Organizing let alone convincing this many people is a task in and of itself, and doing so with a group of leaders -- people who already had authority within the company and most of whom had at least some track record that warranted this authority -- can be all but impossible. Any leadership development strategy employed at the company would have to be immediately empowering and somewhat self-directed if it was to be adopted by the company's "A-players" (HMM 2011). It is for this reason that a mentorship strategy of development that is made an outgrowth of existing peer relationships that exist amongst the company's leaders is the recommended strategy for the deployment of this development plan. With effective initial integration from the members of the leadership committee, the objectives and styles of leadership identified as desirable both implicitly and explicitly by Groysberg & Snook (2007) can be communicated and embodied by other leaders as well (HMM 0211).

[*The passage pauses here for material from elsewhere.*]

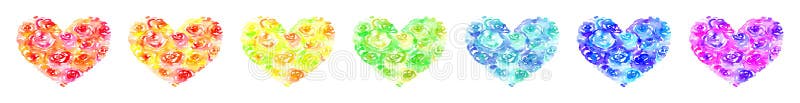 Heart made of watercolor colored roses. Valentine\ s Day card. Hand drawn floral illustration isolated on white background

Specifically, Groysberg & Snook (2007) note that teamwork and collaboration were considered essential elements at Goldman Sachs, while at the same time decentralization and a certain lack of expertise due to the rapidity of the company's growth were also becoming problems. Effective peer mentoring provides an official system by which increased centralization can be achieved while directly encouraging peer-to-peer communication and advice/perspective-seeking (HMM 2011). In this manner, the desired values and culture can be transmitted throughout the company's leadership, while at the same time the culture will be able to develop cohesively as the collective leadership begins to operate in a more closely linked manner.
This focus on interpersonal relationships and communication is likely to be ill-received by many bankers and time-pressured financiers, so the returns on this investment must be made abundantly clear to involved individuals in s quantitative a manner as possible. Improving the cohesiveness and cooperation/collaboration among Goldman Sachs' leaders would decrease the loss in capital resulting from partner departure, decrease the loss of investment income due to a standardization of risk analysis procedures across the many disparate countries of the company's operations; provide greater access and interaction between different levels of leadership within the company, increasing the effectiveness (and for the right individuals, the likelihood) of promotions; and increase the level of input the lower level leaders had on company decisions without diluting the ultimate decision making power of higher level leaders. These expected effects are all measurable, and all beneficial to pretty much all leaders at the company -- especially to the ones the company has the strongest desire to keep.
Retraining the Vampire Squid
In light of recent events, it is clear that some sort of leadership development (or at least ethics training) was definitely advisable for Goldman Sachs. The company actually had a program in place, providing a training facility with a variety of short- and longer-term programs for its managing directors (O'Connell 2010). The growth of the organization described in the case study continued throughout the irst decade of the new millennia, however, and this program was not enough to truly sustain the cohesiveness of leadership (O'Connell 2010).